Rigth2Know Campaign has a petition on these draft regulations and you
can read more about regulations the on APC.org here and copied below:


The purpose of the regulation is so-called child safety, but the
regulations are much broader in scope and actually impossible to comply

One positive outcome of this has been the mobilisation of local civil
society - it has been really fantastic. Right2Know has a petition out,
but  many others - not only those listed in the invite attached are
taking action. Particular credit should go to the SOS coalition which is
the local 'Save our public broadcaster' coalition and the Freedom of
Expression Institute who have worked with us on organising local meetings.

We are pursuing a dual strategy with civil society having a coordinated
campaign, as well as making individual submissions on the draft
regulation, but we are also writing a joint statement with internet
service providers and local and international internet and telecoms
companies and small/medium internet content businesses who will all be
affected by this. We are also calling on people who work on children's
rights to oppose these regulations as we don't believe they will achieve
the stated objective of online child safety.
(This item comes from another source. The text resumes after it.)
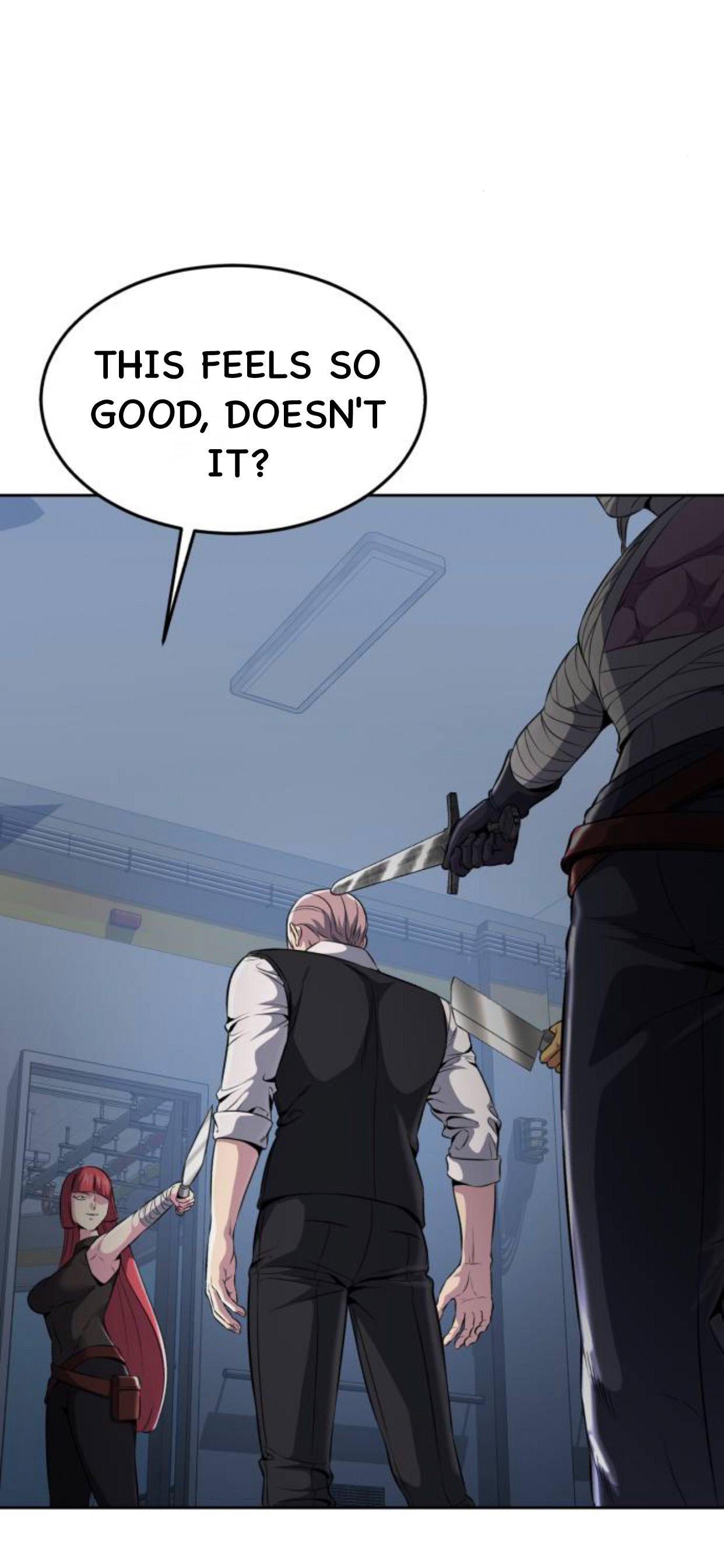 Read The Boy of Death Manga Online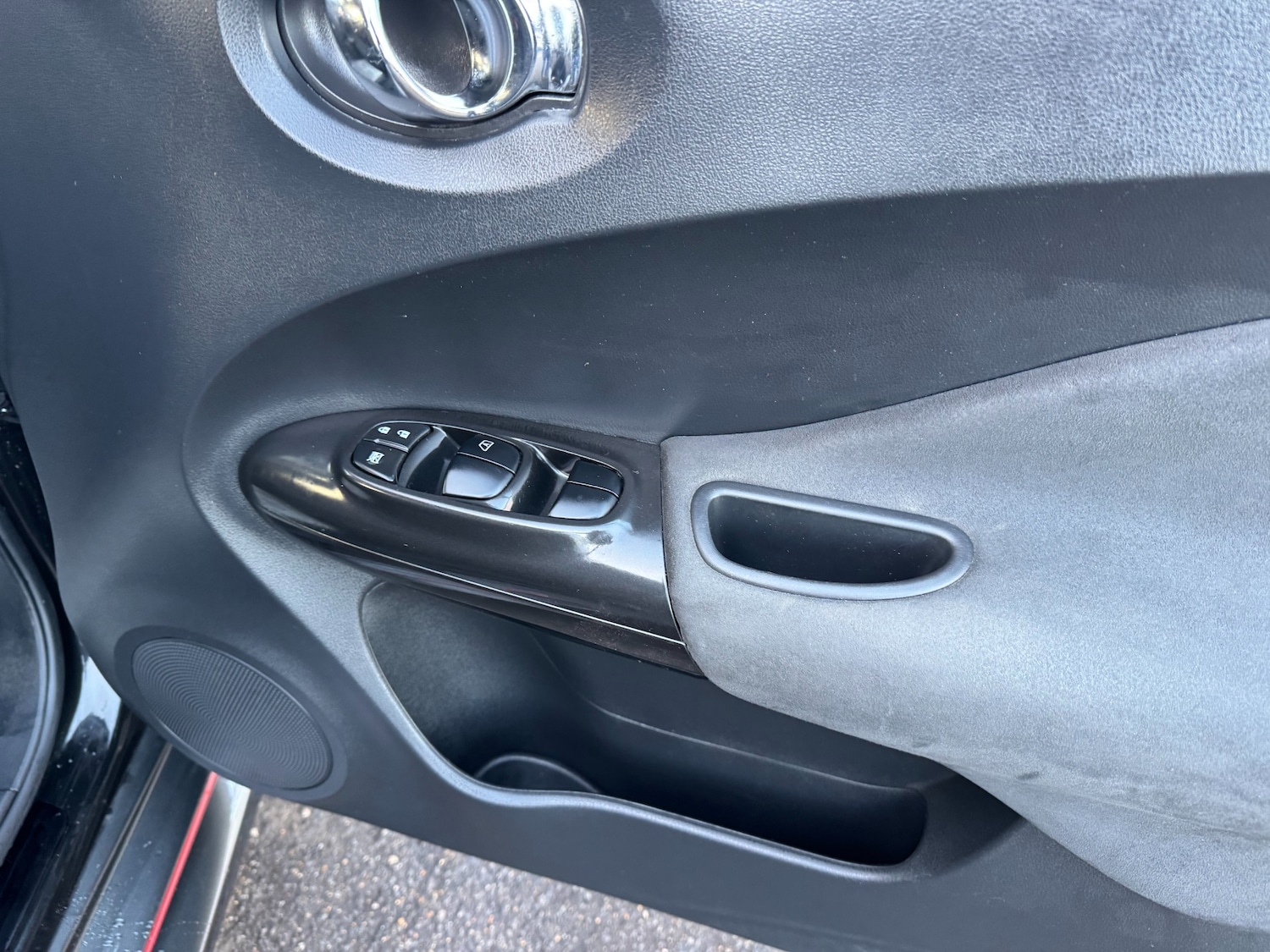 Used Nissan Juke 2013 for sale - 76707392: Photo 9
Your support would be valued - the Rigth2Know petition is here:


APC joins South African civil society groups in opposing internet
content regulation proposed by South Africa's Film and Publication Board

If implemented, the Draft Online Regulation Policy proposed by the South
African Film and Publication Board (FPB) would, under the guise of child
protection, pose serious threats to online freedom of expression. It
would involve policing content published on the internet – including
blogs, personal websites and Facebook pages. APC joins the many South
African civil society and broader communications sector voices that are
expressing their concern about the proposed regulations.

Under the Draft Online Regulation Policy, the Film and Publication Board
would have the power to "refer any self-generated video that is found to
contain classifiable elements for classification to its classification
committee, instruct the distributor to take down the unclassified
content and only reinstate it after having complied with the FPB
classification decision." This is tantamount to giving the Film and
Publication Board the power to effectively censor any Facebook post,
Twitter “tweet”, YouTube video, or any other user-generated internet
content created by any South African. Aside from the fact that this
power would be open to abuse – for example, for censoring political
speech, or censoring content created for the purpose of sex education or
promoting the interests of LGBT groups – it would be impossible to
ensure compliance with the policy. It would place additional burdens on
all internet users and intermediaries (companies and organisations that
host internet content), particularly small and medium enterprises.
At a sector meeting convened by the Association for Progressive
Communications (APC), the SOS Coalition, the Right2Know (R2K) Campaign
and the Freedom of Expression Institute (FXI) on Friday 22 May in
Johannesburg, there was consensus that the draft regulation policy must
be scrapped. The participating civil society groups, media
organisations, library associations and internet and telecommunications
industry associations all agreed that the proposed regulations pose a
serious threat not just to online freedom of expression and association,
but also to local internet-based innovation, content development and job

Child safety, one of the primary objectives of the proposed regulations,
is very important. However, there are other more effective strategies
and mechanisms to ensure the protection of children in the online
environment that do not require pre-publication censorship.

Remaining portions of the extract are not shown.